Making math matter to students and showing them how important it is in their daily lives is an important objective at the school but they have also found a way to make it fun with some friendly but challenging competition.
This is the first year HMS students have participated in Math Masters, a program that challenges students to use their critical thinking skills and problem-solving abilities by competing in several mathematical areas including number facts and operations, properties of numbers, geometry, time and money, statistics and probability, decimals, fractions and percents and charts and graphs.
They participated in two competitions and in a contest with New Richmond, Hudson had a second and third place team as well as an individual first place winner among the 83 students who competed.
HMS teacher Adam Harker is the Math Masters coach. He met with the students weekly for practice and they worked together in study halls and after school. Math teacher Sarah Mattison said the students get to take math out of the classroom setting and seem to like the idea of the competition.
“There’s much more of a social piece when they are working together on problems and coaching one another. They get pretty excited when you wouldn’t think working on math problems would do that.”
HMS seventh- and eighth-grade math students got their chance to compete at Math Counts, a nationwide contest series aimed at students who have a talent and passion for math and who need to be challenged.
Teacher Sarah Engstrom heads up the HMS gifted and talented student program. She recruited students for the program and coordinated the Math Counts and Math Masters competitions while Mattison and Harker coached the students.
Math Counts, like Math Masters, focuses on problem-solving and critical thinking and involves high level mathematics.
“It is a different type of math for the student. It takes the skills they are learning to a new application and they seem to gravitate to the competition side of it,” said Mattison.
The students meet weekly and Mattison says they enjoy sharing their interest in math with one another. “They like being with kids who are like-minded and they really challenge one another.”
A typical after school session would go something like this. The students would take a practice test then go through the answers they gave together and talk about the different ways they arrived at their conclusions. Mattison says it involves a fair amount of teamwork as they decide which is the best answer and what is the best way to get there.
“It really is about problem-solving more than memorizing numbers or facts. It is more about math in the real world and honing a skill that will help them,” said Mattison.
In Math Counts and in Math Masters, the numbers of boys versus girls who participate is averaging out. Engstrom and Mattison both say that participation in the programs does not appear to be gender-based.

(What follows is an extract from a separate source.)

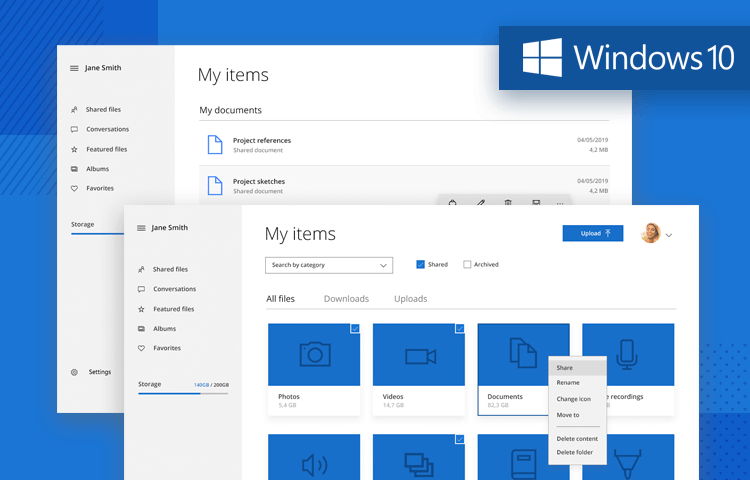 Free Windows 10 UI kit: prototype apps and software | by Justinmind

And neither believe girls are any less competitive than the boys or in any way hold back.
“They all want to win and they all do their best,” said Mattison.
Hudson students made an impressive showing at the regional Math Counts contest with five HMS students in the top 10 of all participants with one student, Lizzie Schousek, going onto to state where she finished in the middle.
Engstrom said they hope to expand the number of students who participate in Math Counts and Math Masters. The students she recruits or who come on their own aren’t necessarily higher level math students or in the gifted program but may just like math, especially outside the classroom.
“We are always glad to see kids in a different setting and mixing with different kids. It’s good for everyone," Engstrom said.